Chris Marker cited by Bill Horrigan in Some Other Time from Staring Back; Chris Marker pp139, 140 Wexner Centre For The Arts, The Ohio State University 2007.

On the blog Chris Marker: Notes from the Era of Imperfect Memory, a short film constructed in Second Life by Chris Marker titled Ouvroir the Movie by Chris Marker follows a cat as it explores a land called Ouvroir. Media screening rooms display photographs and text that describe different memories. They are presented as artifacts that are somehow disembodied from the notion of the private or personal, or at least it seems this way. The cat makes its way through a tunnel of revolving text to get to the first room, where the first words to appear on the screens are words that resemble neologisms:



“that’s what the press says about the latest piece by Chris Marker, the best known author of unknown movies.”

This first room introduces the fact that these rooms are somehow correlated to Chris Markers own memory and experience. They are self-reflexive glimpses into Markers’ own ‘shoebox’ made public in a virtual space. In a recent lecture by Dean Keep, he described the notion of post-memory. Post-memory is the memory you inherit through ritual. The photo’s in your fathers album that correlate to his past become memories of your own as you apply the stories to them. A handing down of memory and myth. What becomes apparent here is that the photographs are not just documentary, but also memory sites themselves. Perhaps this is the purpose of the media rooms located in Ouvroir. They are memory sites in their own right.

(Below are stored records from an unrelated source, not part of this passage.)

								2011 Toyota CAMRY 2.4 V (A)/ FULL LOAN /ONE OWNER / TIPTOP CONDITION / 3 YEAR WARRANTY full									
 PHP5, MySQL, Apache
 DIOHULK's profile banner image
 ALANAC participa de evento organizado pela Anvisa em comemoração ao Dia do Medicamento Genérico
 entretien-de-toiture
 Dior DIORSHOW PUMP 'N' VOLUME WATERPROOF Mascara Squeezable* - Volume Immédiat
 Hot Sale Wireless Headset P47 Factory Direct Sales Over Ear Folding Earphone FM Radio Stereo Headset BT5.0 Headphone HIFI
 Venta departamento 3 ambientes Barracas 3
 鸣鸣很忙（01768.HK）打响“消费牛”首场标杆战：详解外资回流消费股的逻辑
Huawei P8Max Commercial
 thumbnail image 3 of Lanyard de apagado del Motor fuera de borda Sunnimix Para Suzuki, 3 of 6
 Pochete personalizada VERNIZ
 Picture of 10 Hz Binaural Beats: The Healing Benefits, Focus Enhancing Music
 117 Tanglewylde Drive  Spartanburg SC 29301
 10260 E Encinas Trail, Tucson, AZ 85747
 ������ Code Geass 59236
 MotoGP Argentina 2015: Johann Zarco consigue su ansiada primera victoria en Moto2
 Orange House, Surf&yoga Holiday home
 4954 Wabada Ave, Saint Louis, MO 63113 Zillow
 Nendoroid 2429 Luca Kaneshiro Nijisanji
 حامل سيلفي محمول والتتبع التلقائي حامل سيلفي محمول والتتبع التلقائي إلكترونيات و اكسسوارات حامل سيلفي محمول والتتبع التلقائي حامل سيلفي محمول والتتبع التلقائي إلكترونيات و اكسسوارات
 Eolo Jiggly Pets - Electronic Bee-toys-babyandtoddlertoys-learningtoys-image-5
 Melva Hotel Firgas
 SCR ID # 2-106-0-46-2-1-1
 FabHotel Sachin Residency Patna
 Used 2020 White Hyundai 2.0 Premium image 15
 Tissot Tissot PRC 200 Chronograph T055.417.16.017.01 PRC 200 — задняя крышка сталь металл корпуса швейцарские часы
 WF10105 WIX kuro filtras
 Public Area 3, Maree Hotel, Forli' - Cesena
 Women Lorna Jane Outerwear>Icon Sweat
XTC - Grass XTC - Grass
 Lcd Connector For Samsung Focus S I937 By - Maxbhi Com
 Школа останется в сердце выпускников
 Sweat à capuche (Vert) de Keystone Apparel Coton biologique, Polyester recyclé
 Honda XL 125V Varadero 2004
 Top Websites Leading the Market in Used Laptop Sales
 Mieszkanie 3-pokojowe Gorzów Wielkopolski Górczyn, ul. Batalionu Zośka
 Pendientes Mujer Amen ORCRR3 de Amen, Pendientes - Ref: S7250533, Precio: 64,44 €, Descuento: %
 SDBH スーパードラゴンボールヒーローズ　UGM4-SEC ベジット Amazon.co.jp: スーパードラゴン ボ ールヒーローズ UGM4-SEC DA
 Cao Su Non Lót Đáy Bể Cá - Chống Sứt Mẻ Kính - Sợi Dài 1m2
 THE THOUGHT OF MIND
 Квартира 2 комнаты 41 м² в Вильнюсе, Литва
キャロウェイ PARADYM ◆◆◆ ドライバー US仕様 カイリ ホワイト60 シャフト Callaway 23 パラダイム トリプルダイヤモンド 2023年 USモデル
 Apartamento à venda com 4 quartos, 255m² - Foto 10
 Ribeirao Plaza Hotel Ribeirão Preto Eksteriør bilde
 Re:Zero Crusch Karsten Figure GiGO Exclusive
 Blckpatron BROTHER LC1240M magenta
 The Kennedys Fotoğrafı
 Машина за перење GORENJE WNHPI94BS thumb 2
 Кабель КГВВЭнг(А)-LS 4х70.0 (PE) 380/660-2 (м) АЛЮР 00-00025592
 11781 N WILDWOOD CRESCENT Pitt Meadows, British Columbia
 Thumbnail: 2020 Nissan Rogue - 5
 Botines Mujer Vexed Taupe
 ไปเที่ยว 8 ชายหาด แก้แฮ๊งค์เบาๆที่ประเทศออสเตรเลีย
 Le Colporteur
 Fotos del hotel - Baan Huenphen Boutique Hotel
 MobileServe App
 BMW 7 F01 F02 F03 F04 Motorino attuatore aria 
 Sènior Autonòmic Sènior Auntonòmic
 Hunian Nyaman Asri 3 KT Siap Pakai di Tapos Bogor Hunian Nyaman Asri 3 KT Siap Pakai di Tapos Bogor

The cat then progresses to the main room in which photographs are displayed and scrutinized as artifacts of Markers memory and representations of the length of a certain period of his life. He makes an interesting comparison between two photo’s of the exact same location taken forty years apart:

“Right in the middle, a small tree grew, within these few inches, forty years of my life.”

In the second photo, the tree has obviously grown a great deal. It seems to me that this is a gallery of remembrances and images that once appropriated into this space become alienated and fragmentary and somehow take on all new meaning. By becoming public, the memory artifact takes on a pronounced characteristic of Markers ‘superliminal’.